Bronnec Pauline, Sousa Jeremy, Henry Thomas
CIRI, Centre International de Recherche en Infectiologie, Inserm U1111, Univ Lyon, Université Claude Bernard Lyon 1, CNRS, UMR5308, ENS de Lyon, Lyon, France.
Methods Mol Biol. 2023;2641:37-47. doi: 10.1007/978-1-0716-3040-2_4.

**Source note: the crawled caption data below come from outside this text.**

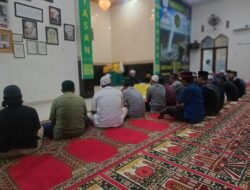 TGD: Halal bi Halal Itu Bid’ah Hssanah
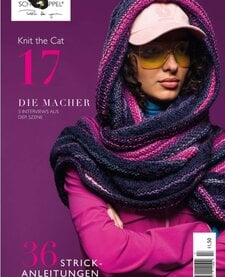 Knit the Cat 17 - Die Macher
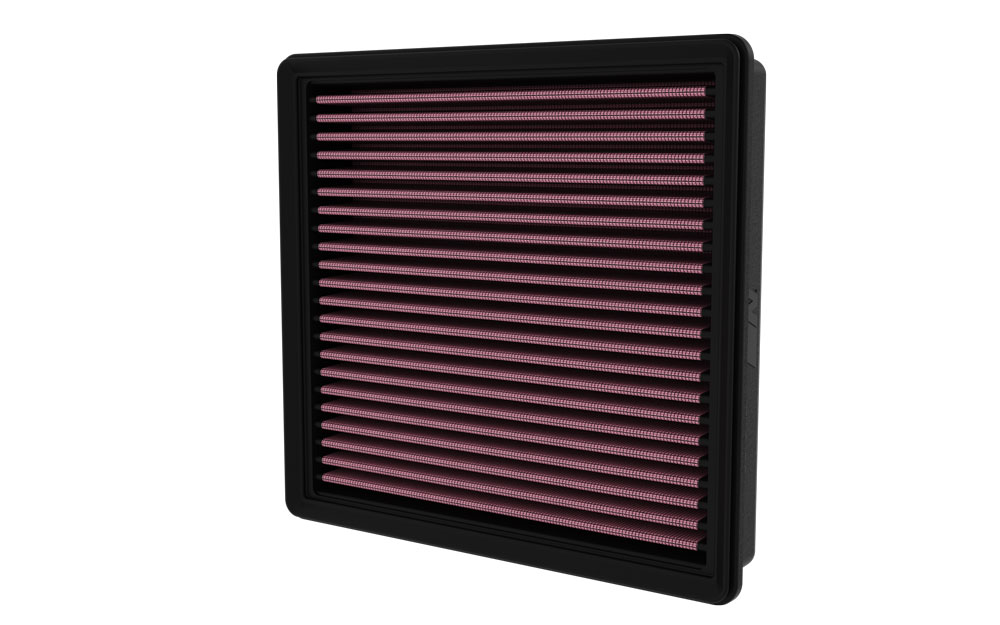 Image of Luftfilter K&N High Flow für JEEP WRANGLER IV (JL) 6.4 470ps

The pyrin inflammasome detects bacterial toxins and effectors that inhibit RhoA GTPases and triggers inflammatory cytokine release and a fast cell death termed pyroptosis. In addition, various endogenous molecules, drugs, synthetic molecules, or mutations can trigger pyrin inflammasome activation. The pyrin protein differs between humans and mice, and the repertoire of pyrin activators is also species-specific. Here, we present the various pyrin inflammasome activators, inhibitors, the kinetics of pyrin activation in response to the various activators, and their species specificity. In addition, we present different methods to monitor pyrin-mediated pyroptosis.
吡啉炎性小体可检测抑制RhoA GTP酶的细菌毒素和效应蛋白,并触发炎性细胞因子释放以及一种称为细胞焦亡的快速细胞死亡。此外,各种内源性分子、药物、合成分子或突变均可触发吡啉炎性小体激活。吡啉蛋白在人和小鼠之间存在差异,吡啉激活剂的种类也具有物种特异性。在此,我们介绍了各种吡啉炎性小体激活剂、抑制剂、响应各种激活剂时吡啉激活的动力学及其物种特异性。此外,我们还介绍了监测吡啉介导的细胞焦亡的不同方法。